---------- Extracted material
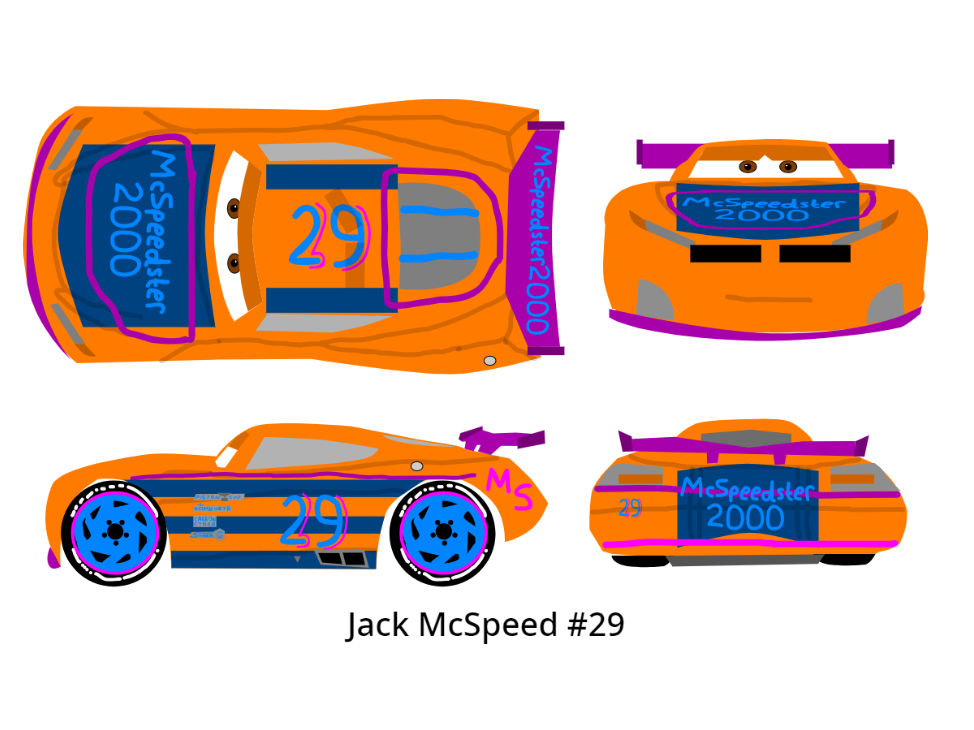 3 Racer Car Colors Cars 3 Racer - Jack McSpeed w/o Stripes by McSpeedster2000 on DeviantArt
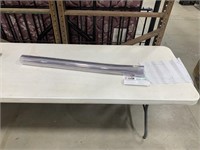 Pvc table cloth 42in wide length unknown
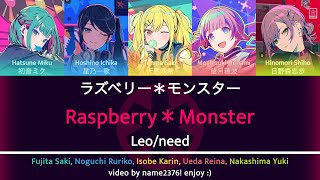 [GAME VER] Raspberry＊Monster || ラズベリー＊モンスター || L/n x Hatsune Miku [PJSK Lyrics]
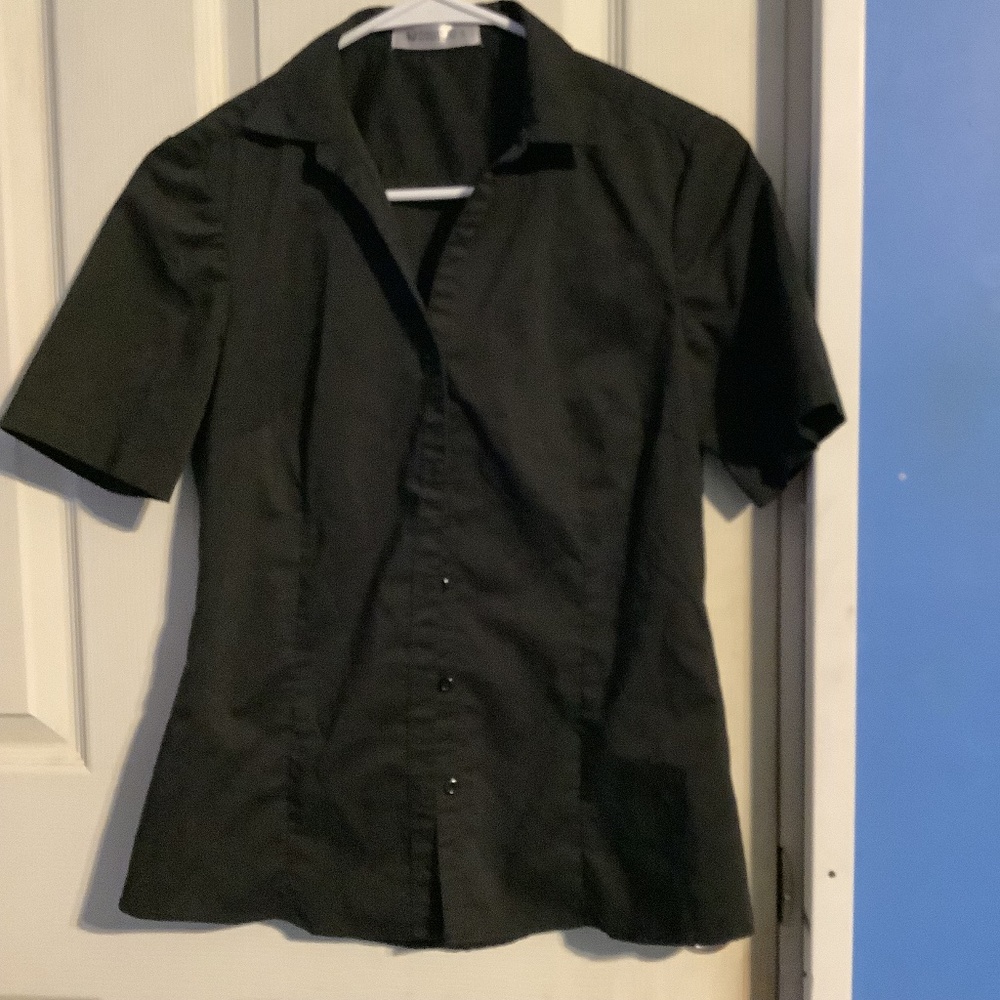 Women’s Doublju Black Button down Shirt Size S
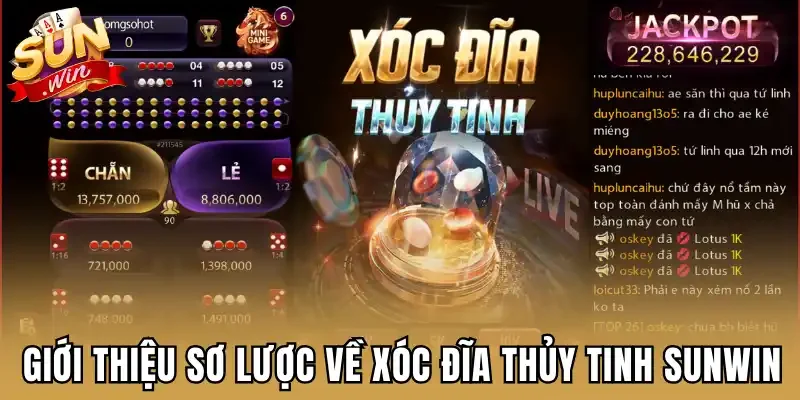 Giới thiệu sơ lược về xóc đĩa thủy tinh Sunwin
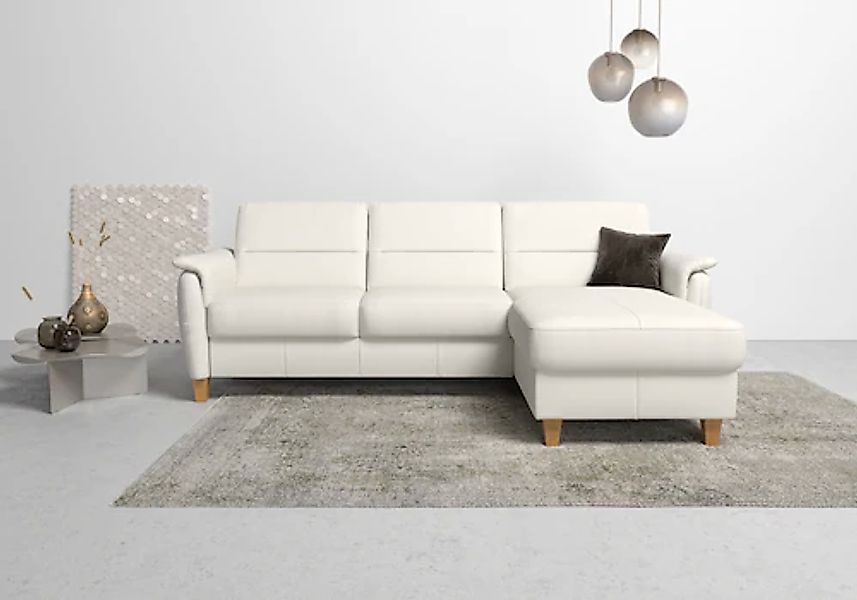 Home affaire Ecksofa »Palmera L-Form, B: 244 cm« optional Bettfunktion & Be günstig online kaufen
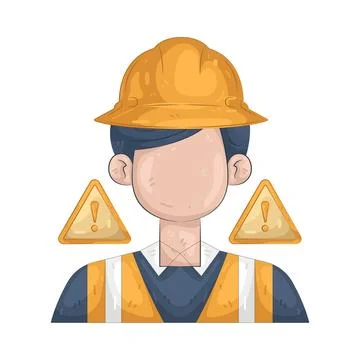 Illustration of construction worker Stock Illustration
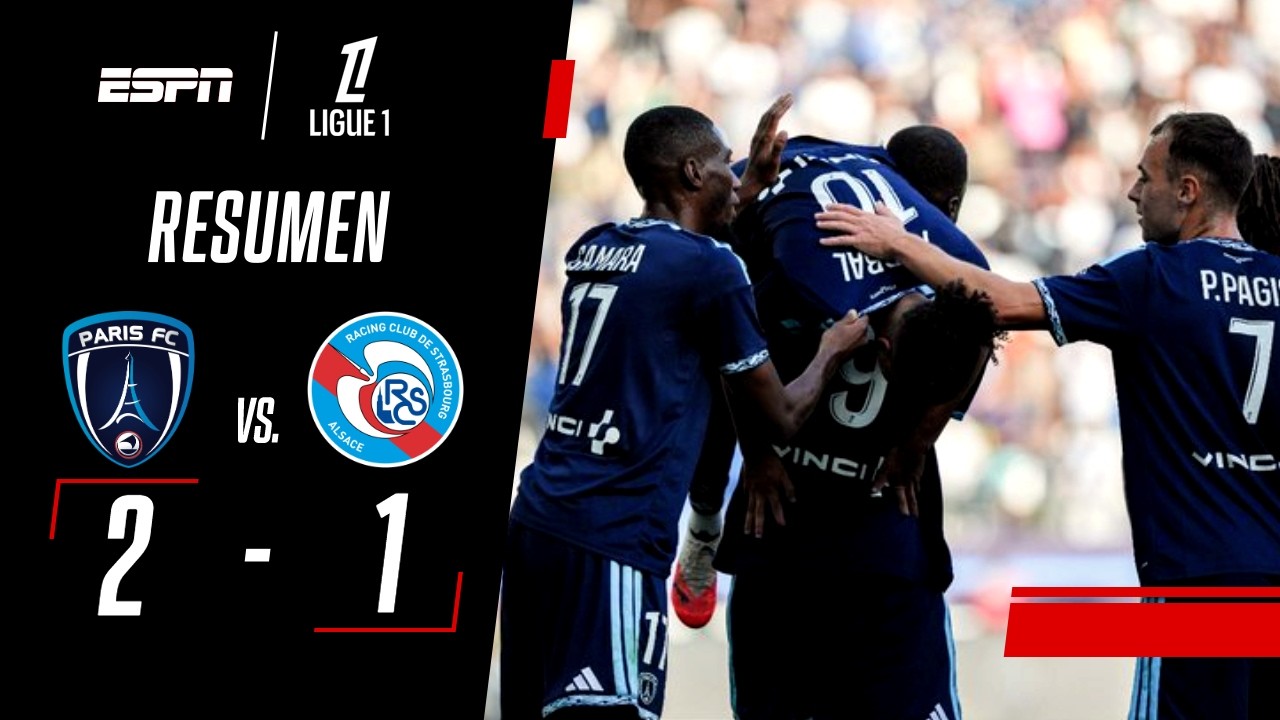 PARIS FC GANÓ Y ES ESCOLTA DEL LÍDER MONACO EN FRANCIA | Paris FC 2-1 Racing Estrasburgo | RESUMEN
--------------------
Apart from the pictures, all of the data should be repeated exactly.

 3 Racer Car Colors Cars 3 Racer - Jack McSpeed w/o Stripes by McSpeedster2000 on DeviantArt
 Pvc table cloth 42in wide length unknown
 [GAME VER] Raspberry＊Monster || ラズベリー＊モンスター || L/n x Hatsune Miku [PJSK Lyrics]
 Women’s Doublju Black Button down Shirt Size S
 Giới thiệu sơ lược về xóc đĩa thủy tinh Sunwin
 Home affaire Ecksofa »Palmera L-Form, B: 244 cm« optional Bettfunktion & Be günstig online kaufen
 Illustration of construction worker Stock Illustration
 PARIS FC GANÓ Y ES ESCOLTA DEL LÍDER MONACO EN FRANCIA | Paris FC 2-1 Racing Estrasburgo | RESUMEN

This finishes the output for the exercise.